Apparently pleasant thoughts were her company in her solitude, for her round, brown eyes twinkled with a pleased sparkle, and every now and then she broke into fragments of psalmody, which she practiced over and over, and then nodded her head contentedly, as if satisfied that she had caught the tune.

Suddenly the outside door flew open and little Dolly Cushing burst into the kitchen, panting and breathless, her cheeks glowing with exercise in face of the keen winter wind.

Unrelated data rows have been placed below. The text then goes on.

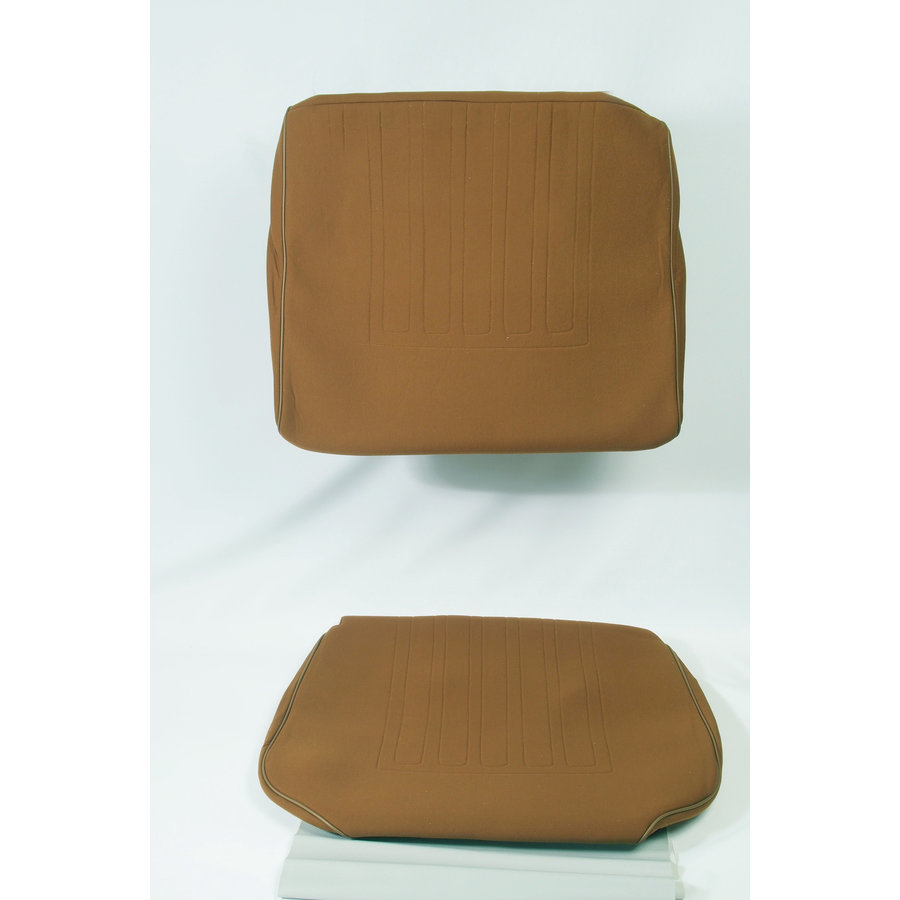 Garniture siège AV en étoffe caramel unie pour assise + dossier Panneau de fermeture en simili blanchâtre imprimé gauffre Citroën ID/DS-1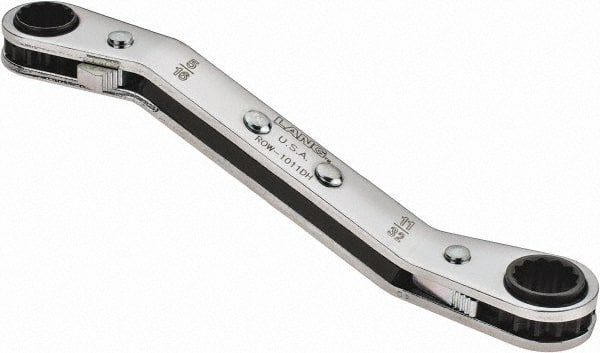 Lang - 5/16" x 11/32" 12 Point Reversible Ratcheting Offset Box Wrench - Double End, 4-1/4" OAL, Steel, 25° Offset - Exact Tooling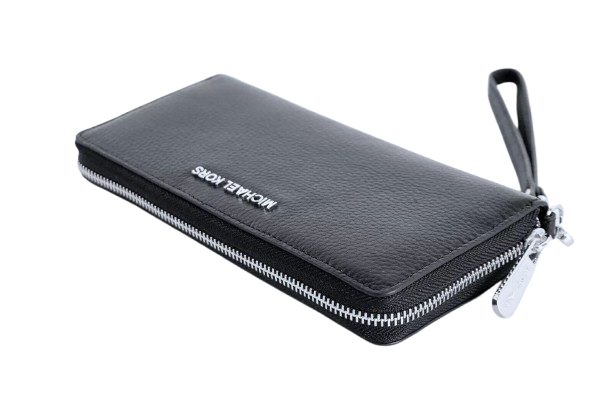 Michael Kors Jet Set Travel Pebble Leather Continental Long Wallet Wristlet[Black/SV]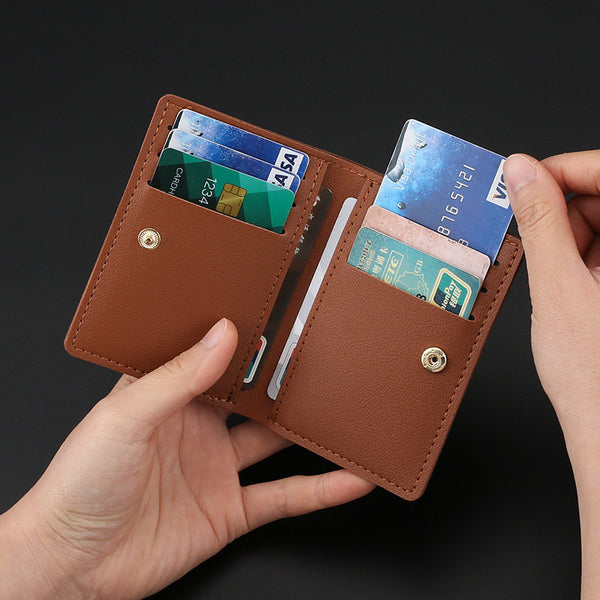 Cross-border short simple card holder, men's and women's real soft leather wallet, retro ultra-thin women's wallet, driver's license, bank card package batch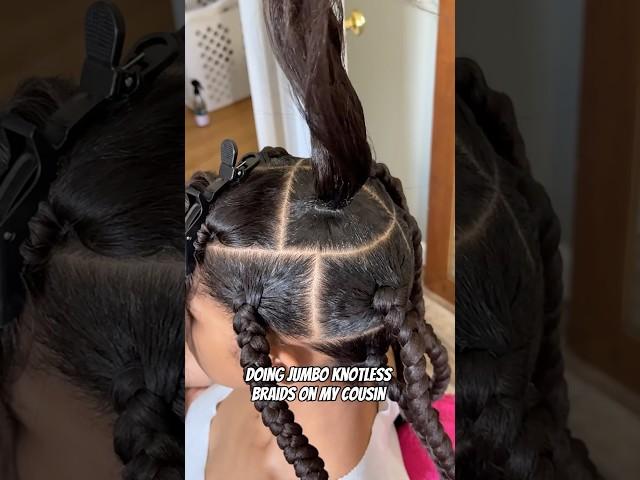 JUMBO Knotless Braids #hairstylist #knotlessbraids #hairtutorial #braids #naturalhair #blackhair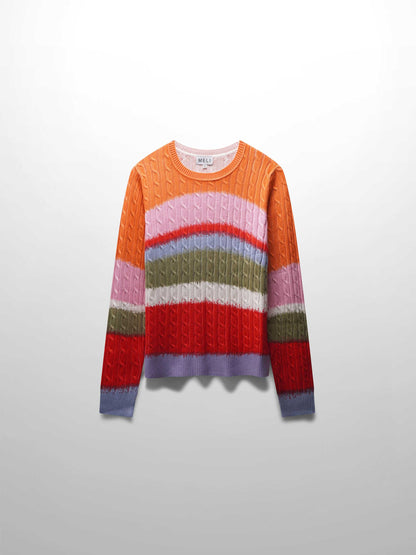 Printed Cable Knit Sweater- Striped Ombre
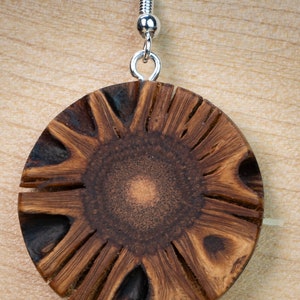 Banksia wooden earrings handmade with fascinating grain image 3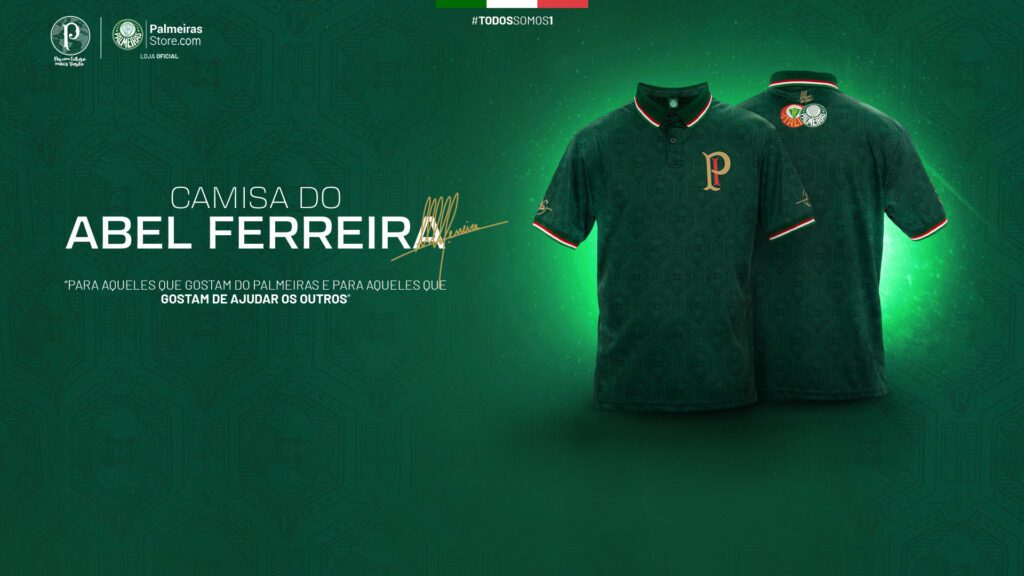 A nova camisa do Palmeiras, idealizada e desenhada pelo técnico Abel Ferreira, lançada nesta quinta-feira (17). (Foto: Reprodução Palmeiras)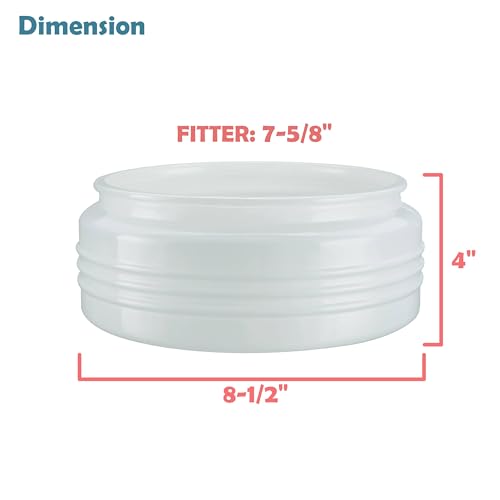 Image of Aspen Creative 25014-60-1, White and Clear Glass Drum Shade for Hallways, Closets, Kitchen and Bathroom, Size: 8-1 /2 inch D x 4 inch H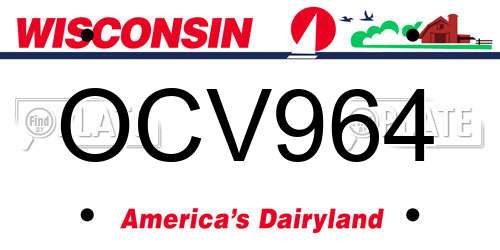 OCV964 Wisconsin License Plate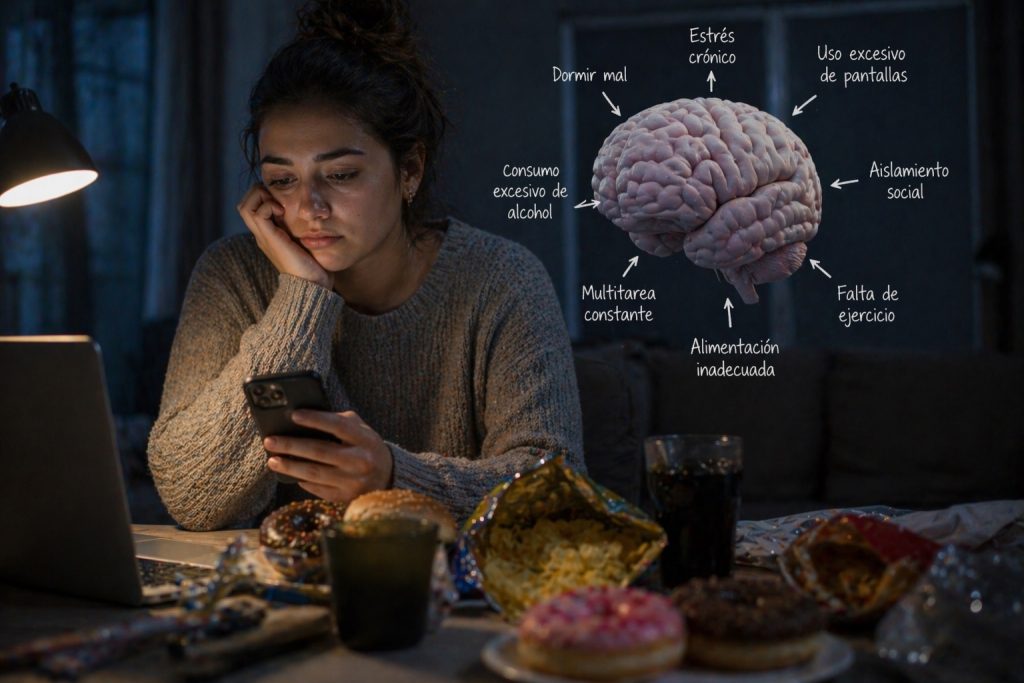 Lista clara de hábitos perjudiciales para tu cerebro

In she came, noisy and busy, dropping her knitting-work and spelling-book in her eagerness, shutting the door behind her with a cheerful bang, and opening conversation without stopping to get her breath:

"Oh, Nabby, Nabby! do tell me what they are doing up at your church. I've seen 'em all day carrying armfulls and armfulls—ever so much—spruce and pine up that way, and Jim Brace and Tom Peters told me they were going to have a 'lumination there, and when I asked what a 'lumination was they only laughed at me and called me a Presbyterian. Don't you think it's a shame, Nabby, that the big boys will laugh at me so and call me names and won't tell me anything?"

"Oh, land o' Goshen, Dolly, what do you mind them boys for?" said Nabby; "boys is mostly hateful when girls is little; but we take our turn by and by," she said with a complacent twinkle of her brown eyes. "I make them stand around, I bet ye, and you will when you get older."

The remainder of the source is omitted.